◆ **Data for analysis**:
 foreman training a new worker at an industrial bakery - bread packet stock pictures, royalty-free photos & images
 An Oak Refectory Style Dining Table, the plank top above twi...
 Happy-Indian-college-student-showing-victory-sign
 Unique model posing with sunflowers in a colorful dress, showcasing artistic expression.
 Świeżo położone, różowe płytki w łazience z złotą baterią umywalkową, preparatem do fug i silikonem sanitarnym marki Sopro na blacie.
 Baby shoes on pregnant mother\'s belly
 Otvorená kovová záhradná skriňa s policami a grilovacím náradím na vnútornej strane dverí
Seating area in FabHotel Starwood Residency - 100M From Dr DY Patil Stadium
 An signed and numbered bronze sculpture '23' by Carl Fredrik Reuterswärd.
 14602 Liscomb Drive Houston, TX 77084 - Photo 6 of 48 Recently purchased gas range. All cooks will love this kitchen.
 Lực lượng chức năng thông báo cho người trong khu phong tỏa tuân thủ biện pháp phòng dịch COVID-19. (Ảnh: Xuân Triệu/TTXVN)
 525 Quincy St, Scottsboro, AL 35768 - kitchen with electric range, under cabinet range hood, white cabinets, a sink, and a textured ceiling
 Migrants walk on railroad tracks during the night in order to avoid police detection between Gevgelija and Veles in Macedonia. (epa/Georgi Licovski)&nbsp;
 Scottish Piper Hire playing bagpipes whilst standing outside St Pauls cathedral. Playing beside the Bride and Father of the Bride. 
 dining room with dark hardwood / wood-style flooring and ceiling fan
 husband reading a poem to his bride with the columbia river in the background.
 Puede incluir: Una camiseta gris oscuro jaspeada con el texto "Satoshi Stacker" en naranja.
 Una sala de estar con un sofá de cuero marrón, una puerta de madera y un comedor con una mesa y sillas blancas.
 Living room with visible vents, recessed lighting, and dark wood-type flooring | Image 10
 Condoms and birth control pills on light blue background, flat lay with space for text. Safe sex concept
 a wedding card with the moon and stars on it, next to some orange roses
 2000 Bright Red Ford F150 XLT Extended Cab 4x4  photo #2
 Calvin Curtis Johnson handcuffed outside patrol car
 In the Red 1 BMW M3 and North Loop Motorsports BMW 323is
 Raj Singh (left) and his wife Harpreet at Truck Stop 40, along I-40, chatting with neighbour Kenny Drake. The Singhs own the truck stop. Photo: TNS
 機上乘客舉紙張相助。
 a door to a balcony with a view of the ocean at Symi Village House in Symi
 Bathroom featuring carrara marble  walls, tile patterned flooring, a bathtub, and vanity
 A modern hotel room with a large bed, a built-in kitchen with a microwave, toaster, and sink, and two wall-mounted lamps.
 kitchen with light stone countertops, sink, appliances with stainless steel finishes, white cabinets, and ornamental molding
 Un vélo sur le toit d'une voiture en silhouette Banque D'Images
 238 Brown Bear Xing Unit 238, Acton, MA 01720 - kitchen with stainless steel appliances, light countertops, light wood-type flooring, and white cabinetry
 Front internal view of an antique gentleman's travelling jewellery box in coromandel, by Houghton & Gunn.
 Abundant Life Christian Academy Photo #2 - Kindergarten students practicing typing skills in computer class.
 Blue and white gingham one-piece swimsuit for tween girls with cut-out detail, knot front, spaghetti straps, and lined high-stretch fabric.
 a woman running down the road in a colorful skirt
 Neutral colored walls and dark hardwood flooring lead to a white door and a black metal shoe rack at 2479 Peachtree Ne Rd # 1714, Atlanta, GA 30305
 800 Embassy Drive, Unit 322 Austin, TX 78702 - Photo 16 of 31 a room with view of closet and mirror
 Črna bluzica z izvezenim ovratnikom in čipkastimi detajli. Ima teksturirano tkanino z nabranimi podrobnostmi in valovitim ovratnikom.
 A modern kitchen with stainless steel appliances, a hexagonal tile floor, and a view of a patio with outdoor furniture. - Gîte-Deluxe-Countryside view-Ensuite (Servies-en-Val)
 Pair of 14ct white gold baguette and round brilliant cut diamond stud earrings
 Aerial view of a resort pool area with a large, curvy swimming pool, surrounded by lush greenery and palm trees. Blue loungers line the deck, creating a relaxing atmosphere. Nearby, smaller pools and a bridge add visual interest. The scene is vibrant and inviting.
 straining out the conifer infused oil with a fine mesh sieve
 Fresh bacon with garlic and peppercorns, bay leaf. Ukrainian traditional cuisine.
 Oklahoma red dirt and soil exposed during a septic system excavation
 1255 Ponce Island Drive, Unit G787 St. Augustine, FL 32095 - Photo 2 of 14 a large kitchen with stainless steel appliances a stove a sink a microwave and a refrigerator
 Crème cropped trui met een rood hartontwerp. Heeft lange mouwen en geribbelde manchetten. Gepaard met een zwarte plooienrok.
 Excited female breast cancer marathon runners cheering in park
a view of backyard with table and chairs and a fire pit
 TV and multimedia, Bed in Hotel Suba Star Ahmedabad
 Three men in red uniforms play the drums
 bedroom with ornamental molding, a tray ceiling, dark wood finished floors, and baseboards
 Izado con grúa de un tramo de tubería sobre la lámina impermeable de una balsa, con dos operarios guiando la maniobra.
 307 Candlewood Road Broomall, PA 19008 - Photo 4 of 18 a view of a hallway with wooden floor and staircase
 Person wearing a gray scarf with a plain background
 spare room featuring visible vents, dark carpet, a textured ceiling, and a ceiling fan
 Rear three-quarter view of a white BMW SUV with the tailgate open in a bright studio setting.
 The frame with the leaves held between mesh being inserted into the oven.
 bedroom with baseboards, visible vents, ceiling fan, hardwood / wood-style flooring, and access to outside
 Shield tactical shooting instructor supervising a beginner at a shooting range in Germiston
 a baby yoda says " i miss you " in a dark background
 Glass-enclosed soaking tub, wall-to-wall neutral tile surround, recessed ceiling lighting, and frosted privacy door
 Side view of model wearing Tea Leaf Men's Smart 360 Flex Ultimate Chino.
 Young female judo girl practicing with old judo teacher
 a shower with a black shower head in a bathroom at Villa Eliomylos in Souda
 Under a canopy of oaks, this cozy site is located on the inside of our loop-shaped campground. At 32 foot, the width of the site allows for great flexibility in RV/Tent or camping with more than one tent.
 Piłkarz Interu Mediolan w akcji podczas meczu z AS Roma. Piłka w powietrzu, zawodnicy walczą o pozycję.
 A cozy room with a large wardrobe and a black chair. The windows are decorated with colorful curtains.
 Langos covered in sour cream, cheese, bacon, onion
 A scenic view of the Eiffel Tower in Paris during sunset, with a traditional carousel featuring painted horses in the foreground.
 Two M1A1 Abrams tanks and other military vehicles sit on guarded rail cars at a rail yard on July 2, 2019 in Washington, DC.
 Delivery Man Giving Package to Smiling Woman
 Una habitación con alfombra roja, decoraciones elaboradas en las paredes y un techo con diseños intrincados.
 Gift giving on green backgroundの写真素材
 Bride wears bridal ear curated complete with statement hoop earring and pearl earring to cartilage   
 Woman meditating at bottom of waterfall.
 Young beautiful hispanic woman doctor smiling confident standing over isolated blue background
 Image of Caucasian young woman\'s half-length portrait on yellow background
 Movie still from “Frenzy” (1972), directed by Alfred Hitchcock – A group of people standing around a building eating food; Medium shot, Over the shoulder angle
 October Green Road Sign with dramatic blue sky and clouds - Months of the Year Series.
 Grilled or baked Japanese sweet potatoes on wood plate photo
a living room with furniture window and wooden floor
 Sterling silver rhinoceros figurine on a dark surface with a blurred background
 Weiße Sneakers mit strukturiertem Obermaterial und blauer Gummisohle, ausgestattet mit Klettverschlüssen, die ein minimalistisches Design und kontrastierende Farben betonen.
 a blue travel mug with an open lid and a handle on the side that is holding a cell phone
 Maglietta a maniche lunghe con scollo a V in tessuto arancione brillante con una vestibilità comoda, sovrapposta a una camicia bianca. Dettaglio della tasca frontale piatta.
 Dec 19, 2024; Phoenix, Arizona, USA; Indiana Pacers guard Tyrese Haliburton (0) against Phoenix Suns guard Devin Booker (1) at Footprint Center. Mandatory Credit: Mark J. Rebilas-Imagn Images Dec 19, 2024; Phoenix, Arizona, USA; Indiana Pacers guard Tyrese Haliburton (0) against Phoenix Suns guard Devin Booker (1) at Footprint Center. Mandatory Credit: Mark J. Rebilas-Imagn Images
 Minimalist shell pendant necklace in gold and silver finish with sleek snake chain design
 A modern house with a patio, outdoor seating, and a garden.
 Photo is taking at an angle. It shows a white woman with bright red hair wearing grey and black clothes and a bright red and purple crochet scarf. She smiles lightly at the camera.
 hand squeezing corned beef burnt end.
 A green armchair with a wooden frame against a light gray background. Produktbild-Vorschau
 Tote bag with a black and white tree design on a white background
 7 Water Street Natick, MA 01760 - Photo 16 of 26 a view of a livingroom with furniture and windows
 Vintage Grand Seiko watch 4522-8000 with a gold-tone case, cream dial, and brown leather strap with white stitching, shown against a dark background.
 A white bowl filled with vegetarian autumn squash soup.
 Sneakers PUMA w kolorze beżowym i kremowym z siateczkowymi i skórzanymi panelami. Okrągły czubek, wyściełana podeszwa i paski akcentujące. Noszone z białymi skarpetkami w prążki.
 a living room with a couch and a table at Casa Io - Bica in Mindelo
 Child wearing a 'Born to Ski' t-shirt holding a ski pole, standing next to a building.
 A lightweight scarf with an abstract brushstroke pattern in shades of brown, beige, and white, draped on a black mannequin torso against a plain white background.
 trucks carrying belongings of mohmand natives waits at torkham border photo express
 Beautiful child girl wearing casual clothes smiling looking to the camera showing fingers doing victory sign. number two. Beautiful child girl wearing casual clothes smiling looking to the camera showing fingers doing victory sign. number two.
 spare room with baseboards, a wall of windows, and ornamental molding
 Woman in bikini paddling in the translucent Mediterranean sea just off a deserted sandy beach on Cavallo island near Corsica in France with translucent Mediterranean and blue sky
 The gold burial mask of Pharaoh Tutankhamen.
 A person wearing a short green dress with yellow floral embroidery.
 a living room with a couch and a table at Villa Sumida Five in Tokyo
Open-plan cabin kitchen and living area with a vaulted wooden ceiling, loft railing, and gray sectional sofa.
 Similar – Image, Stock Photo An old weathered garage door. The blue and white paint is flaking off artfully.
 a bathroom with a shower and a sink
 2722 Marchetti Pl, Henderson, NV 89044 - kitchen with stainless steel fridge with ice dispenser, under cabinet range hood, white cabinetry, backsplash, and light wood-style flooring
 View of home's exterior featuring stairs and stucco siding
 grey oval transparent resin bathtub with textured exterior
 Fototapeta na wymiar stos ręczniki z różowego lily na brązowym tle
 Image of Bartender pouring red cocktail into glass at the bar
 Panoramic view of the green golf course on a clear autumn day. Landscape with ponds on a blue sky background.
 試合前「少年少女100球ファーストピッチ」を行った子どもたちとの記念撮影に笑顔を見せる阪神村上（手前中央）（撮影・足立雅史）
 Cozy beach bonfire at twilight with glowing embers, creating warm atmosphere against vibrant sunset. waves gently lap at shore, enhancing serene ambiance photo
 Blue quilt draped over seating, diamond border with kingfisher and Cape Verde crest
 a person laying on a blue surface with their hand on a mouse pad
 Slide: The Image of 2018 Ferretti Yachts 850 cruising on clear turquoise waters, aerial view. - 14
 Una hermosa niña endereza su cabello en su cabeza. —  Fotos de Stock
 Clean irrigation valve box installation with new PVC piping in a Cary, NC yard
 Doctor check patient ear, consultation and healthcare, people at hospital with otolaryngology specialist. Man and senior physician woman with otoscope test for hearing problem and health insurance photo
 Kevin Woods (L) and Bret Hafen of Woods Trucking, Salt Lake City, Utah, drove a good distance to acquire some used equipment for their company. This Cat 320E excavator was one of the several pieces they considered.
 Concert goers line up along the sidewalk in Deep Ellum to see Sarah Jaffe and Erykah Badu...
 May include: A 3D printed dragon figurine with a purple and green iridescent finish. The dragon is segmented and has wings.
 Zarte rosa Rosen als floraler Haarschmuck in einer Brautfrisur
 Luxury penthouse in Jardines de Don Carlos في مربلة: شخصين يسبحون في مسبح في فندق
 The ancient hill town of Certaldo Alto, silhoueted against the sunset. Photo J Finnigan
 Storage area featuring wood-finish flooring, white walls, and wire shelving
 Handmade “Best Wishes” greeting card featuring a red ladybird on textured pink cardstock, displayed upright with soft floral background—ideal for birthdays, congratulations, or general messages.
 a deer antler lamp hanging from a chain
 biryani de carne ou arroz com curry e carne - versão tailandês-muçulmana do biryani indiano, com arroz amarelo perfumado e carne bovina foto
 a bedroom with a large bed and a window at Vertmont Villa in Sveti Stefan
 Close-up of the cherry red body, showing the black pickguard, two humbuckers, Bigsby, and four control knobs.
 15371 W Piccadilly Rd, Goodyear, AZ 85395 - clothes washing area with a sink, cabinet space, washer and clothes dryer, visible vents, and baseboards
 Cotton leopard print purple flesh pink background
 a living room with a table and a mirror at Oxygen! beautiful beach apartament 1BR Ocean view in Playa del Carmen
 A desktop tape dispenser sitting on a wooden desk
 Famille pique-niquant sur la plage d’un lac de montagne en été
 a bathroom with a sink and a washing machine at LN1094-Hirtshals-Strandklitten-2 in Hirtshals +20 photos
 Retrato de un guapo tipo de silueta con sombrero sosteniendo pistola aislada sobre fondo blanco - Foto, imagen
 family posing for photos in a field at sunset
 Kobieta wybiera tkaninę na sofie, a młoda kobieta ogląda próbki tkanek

◆ **Task instructions**:
Set down only the lines above that fall between the line holding "Open-plan cabin kitchen" and the line holding "a bathroom with a shower and a sink", inclusive, keeping each exact.

◆ **Answer to this task**:
Open-plan cabin kitchen and living area with a vaulted wooden ceiling, loft railing, and gray sectional sofa.
 Similar – Image, Stock Photo An old weathered garage door. The blue and white paint is flaking off artfully.
 a bathroom with a shower and a sink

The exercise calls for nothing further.